Weltweit gibt es etwa 34.000 Vereine mit 1,2 Millionen Mitgliedern. Sie gehen zurück auf den amerikanischen Anwalt Paul Harris. Er traf sich 1905 mit drei Freunden und gründete den ersten Rotary Club. Der Name leitet sich von Rotation ab, denn die Mitglieder versammelten sich jede Woche in einem anderen Büro. Harris’ Absicht: Aus Freundschaft sollen Geschäftsbeziehungen wachsen – und umgekehrt.

Heute gilt: Rotarier wird man nicht, um Karriere zu machen, sondern weil man sie bereits gemacht hat. Ausnahmen bestätigen die Regel. Einige Clubs wählen ihre Mitglieder auch nach Potenzial. Für Rotarier unter 30 dürfte der Netzwerk-Aspekt eine wesentliche Rolle spielen. Junge Mitglieder leugnen nicht, dass der Club Vorteile verschaffen kann. Kein Wunder: Die Liste prominenter Rotarier ist lang.

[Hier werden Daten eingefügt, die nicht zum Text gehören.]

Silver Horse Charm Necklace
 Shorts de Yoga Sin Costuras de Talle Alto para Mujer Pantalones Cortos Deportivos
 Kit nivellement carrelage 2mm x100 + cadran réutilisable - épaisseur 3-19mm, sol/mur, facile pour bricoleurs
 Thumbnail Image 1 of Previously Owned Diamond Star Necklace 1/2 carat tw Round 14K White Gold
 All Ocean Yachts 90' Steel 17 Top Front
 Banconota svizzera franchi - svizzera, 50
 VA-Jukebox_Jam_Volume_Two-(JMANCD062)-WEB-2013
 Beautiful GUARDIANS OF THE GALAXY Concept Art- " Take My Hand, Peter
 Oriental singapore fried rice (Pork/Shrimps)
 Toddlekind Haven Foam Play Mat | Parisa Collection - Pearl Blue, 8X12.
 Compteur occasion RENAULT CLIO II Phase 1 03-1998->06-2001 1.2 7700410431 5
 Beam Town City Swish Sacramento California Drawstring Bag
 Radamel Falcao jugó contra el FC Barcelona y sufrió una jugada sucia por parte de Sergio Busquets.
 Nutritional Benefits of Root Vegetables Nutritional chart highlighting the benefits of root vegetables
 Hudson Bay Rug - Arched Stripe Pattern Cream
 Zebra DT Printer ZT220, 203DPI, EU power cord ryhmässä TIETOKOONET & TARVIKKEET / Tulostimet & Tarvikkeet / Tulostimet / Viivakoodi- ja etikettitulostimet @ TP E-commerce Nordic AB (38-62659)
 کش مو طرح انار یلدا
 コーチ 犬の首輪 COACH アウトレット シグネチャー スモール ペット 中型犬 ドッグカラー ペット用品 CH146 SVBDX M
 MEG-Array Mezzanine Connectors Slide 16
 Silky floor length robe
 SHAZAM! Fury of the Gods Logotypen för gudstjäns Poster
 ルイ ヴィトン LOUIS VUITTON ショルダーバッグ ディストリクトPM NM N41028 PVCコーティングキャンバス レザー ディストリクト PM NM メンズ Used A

Schriftsteller Thomas Mann gehörte einst genauso dazu wie Konrad Adenauer. Auch heute ist die politische und wirtschaftliche Elite in den etwa 1000 deutschen Clubs vertreten. Zu den knapp 52.000 Mitgliedern gehören der bayrische Ministerpräsident Horst Seehofer, Audi-Chef Rupert Stadler und Adidas-CEO Herbert Hainer. Frauen sind allerdings in der Minderheit – nur jedes zehnte Mitglied ist weiblich.